Recommended design of Primesense chip. (Reference: Traumabot blog.)
The Kinect sensor receives the information stream (e.g., video, depth, or audio stream) and delivers it to the natural user interface library. We used the application interface (API) to control all of the functions of the Kinect sensor, such as hand tracking, skeleton tracking [16], speech commands, and face tracking. The OpenNI (natural interaction) organization provides a framework and application programming interface (API) for dealing with devices like Kinect. OpenNI addresses a range of devices including visual and audio devices as shown in Figure 2.

OpenNI middleware provides natural interaction tracking functionality. (Reference: Microsoft Wiki.)
2.3. Game-Based Learning
Game-based learning (GBL) is a specific term used in instructional strategy or activities associated with applications that have defined learning outcomes. As an emergent learning process, GBL is designed to balance subject matter with gameplay and to help players retain and apply the subject matter to the real world [17]. GBL typically uses video-game technology, scoring strategies, interactive interfaces, flexibility courses, and real-time feedback to engage learners in learning. GBL not only makes learning meaningful, but also creates a mental model that motivates the participants [18].
Because information and communication technology has rapidly developed, computer and simulation games have become popular leisure activities in daily life. Some scholars assert that computer games are natural and necessary elements in student learning and that they should be integrated into instructional design as well as learning environments [17]. Scholars also believe that the concept of “learning-by-playing,” which helps students overcome the boredom of classroom learning, applies to playing computer games [19]. However, weaknesses and drawbacks in the implementation of GBL remain: (a) GBL requires substantial preparation and effort, and (b) the subjects and content are usually predefined and fixed. As Clark and Mayer [20] noted in their review of e-learning, a well-designed system can help generate the content of an entertaining scenario that corresponds to the learning subject. In other words, a game-based e-learning system enables simple and efficient preparation of learning applications. Figure 3 shows the key component game cycle that is triggered by game characteristics and instructional content come together to bring about learning outcomes [21].
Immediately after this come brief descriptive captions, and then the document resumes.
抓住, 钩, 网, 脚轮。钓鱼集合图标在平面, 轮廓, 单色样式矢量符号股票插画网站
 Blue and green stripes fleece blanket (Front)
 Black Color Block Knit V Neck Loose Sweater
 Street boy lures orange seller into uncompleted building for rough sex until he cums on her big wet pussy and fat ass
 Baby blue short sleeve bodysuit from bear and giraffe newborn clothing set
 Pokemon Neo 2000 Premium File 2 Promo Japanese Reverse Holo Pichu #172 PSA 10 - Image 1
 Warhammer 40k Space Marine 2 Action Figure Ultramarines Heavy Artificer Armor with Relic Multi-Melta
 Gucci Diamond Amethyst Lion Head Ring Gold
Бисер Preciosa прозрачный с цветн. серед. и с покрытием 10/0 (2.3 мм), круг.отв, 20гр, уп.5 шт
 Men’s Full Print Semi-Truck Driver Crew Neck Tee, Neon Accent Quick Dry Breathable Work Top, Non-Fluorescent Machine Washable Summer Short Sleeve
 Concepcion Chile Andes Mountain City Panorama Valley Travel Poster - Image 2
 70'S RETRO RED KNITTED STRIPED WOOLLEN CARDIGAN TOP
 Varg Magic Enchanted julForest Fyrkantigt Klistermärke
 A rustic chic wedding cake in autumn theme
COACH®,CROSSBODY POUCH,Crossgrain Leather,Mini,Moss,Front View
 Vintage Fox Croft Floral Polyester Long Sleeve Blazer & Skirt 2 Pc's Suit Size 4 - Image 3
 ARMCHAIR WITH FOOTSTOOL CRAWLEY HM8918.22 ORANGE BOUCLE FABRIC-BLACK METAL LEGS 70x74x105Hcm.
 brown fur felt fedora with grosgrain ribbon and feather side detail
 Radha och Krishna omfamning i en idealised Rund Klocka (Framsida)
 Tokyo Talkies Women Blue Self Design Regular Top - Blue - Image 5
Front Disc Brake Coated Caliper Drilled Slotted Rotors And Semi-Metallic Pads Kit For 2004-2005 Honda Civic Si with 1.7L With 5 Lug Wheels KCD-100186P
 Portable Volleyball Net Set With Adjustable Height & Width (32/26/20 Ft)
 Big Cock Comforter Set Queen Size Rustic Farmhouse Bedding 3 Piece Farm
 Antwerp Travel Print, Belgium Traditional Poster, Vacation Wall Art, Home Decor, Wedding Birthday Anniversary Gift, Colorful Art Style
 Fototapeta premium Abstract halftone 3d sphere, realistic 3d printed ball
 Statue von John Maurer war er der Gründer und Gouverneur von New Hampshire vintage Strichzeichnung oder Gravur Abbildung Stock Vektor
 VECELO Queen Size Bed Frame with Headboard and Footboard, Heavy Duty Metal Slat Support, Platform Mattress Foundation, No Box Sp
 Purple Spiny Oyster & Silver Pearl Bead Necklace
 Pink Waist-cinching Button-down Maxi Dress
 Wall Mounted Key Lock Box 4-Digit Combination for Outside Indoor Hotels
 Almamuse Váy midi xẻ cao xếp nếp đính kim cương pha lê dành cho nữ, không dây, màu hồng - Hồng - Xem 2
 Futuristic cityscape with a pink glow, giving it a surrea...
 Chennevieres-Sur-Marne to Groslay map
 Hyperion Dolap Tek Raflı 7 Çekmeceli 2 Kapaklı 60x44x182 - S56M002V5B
Input-Process-Outcome Game Model.
Input-Process-Outcome Game Model includes three parts. The first is input phase; the objective is to design an instructional content that incorporates characteristics of games. The second is process phase; these features trigger a cycle that includes user judgments (enjoyment or interest), user behaviors, and system feedback. Finally is outcome phase; this shows the learning achievement and learning outcomes.
3. Method
3.1. Teaching Materials
To develop material using the Kinect sensor, various programming frameworks, such as the OpenNI architecture, which was used to control the Kinect sensor, and the OpenTK architecture, which was used to provide a cross platform library, must be surveyed. The system architecture is shown in Figure 4.

The system architecture.
Using the Kinect sensor to present questions and interactive games and including a hand-mouse function (joints tracked by the Primesense NITE middleware skeleton tracking algorithm) enable learners to learn the geometric learning theory and relevant information (shown in Figure 5). We provided three types of learning models.
Shapes and space: a questions’ and answers’ game where you can recognize the properties of geometric shapes. There are different levels of difficulty and random questions. Student stands in front of the screen and operate with both hands to select, confirm, and check the answer. Drawing and visualization: we generate a random visualization shape, so that student uses the right hand as a brush to draw the same shape. After that, the system compares drawing shape with the answer and informs the teaching contents for student. Skeleton interactive model: a questions’ and answers’ game where you can recognize the properties of unfolding and reconstructing polyhedron. Student needs to imagine a classic open problem whether the surface of every polyhedron can be cut along some of its edges and unfolded into the plane without overlap and operate with both hands to select, confirm, and check the answer.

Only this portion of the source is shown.